3. Rule – A partner cannot own a specific interest b/c partnership property gives the right to use the entire property or interest. Pieces of it cannot be contracted away. Partners do not own the individual property or pieces of the partnership.
a. conveyance of partnership property held in the name of the partnership is made in the name of the partnership and not as a conveyance of the individual interests of the partners.
e. Partners authority/liability
i. Equal Rights – all partners have equal rights in management (even if sharing of profits is unequal).
1. UPA 18(e) – P. 140 in the absence of an agreement to the contrary, all partners have equal rights in the management and conduct of the partnership business.

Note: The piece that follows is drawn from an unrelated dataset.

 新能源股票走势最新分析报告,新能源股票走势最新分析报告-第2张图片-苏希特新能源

2. UPA 18 (h) – any difference arising as to the ordinary matters connected with the partnership business may be decided by a majority of the partners; but no act in contravention of any agreement b/w the partners may be done rightfully without the consent of all of the partners.
a. Whenever you have an equal number of partners you have this case of deadlock . There will be no majority vote that will be effective to deprive either partners of authority to act for the partnership.

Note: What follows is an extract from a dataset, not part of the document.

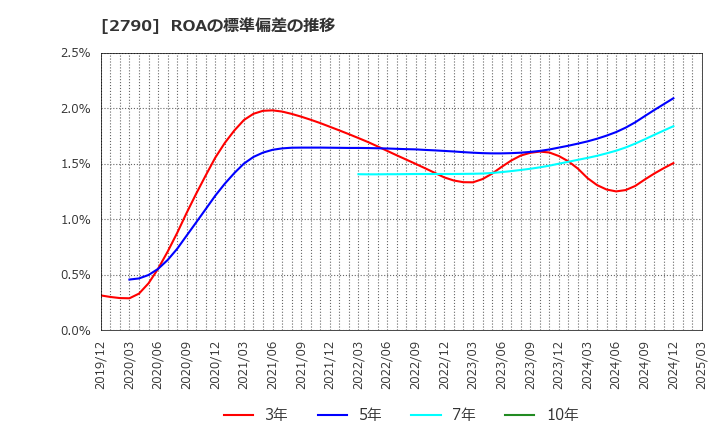 2790 (株)ナフコ: ROAの標準偏差の推移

i. decisions must be agreed upon unanimously. Extraordinary
ii. decisions are decided by majority rule. Ordinary
ii. 4 take aways points on partnership authority:
1. Agent of Partnership – Every partner is an agent of the partnership and can exercise agency power unless they’re otherwise not allowed by agreement. The act of every partner, for apparently carrying on in the usual way the business of the partnership of which he is a member, binds the partnership. UPA § 301(1); National Biscuit Company v. Stroud
2. apparent authority – if third party thinks person has authority to bind partnership, they bind partners even if from the perspective of other partners, they had no real authority to act. (This rule benefits third parties.
a. Three defenses:
i. Partner was not acting within the scope of partnership business. UPA§ 301(2).
ii. Third party had actual knowledge that partner has no authority. If no actual knowledge, law is going to side with creditor. UPA § 301(1).
iii. UPA § 303(a)(2) – Allows partners to file a Statement of Partnership Authority that limits the ability of any partner to act. If this is on file, partners are going to be exempt from liability.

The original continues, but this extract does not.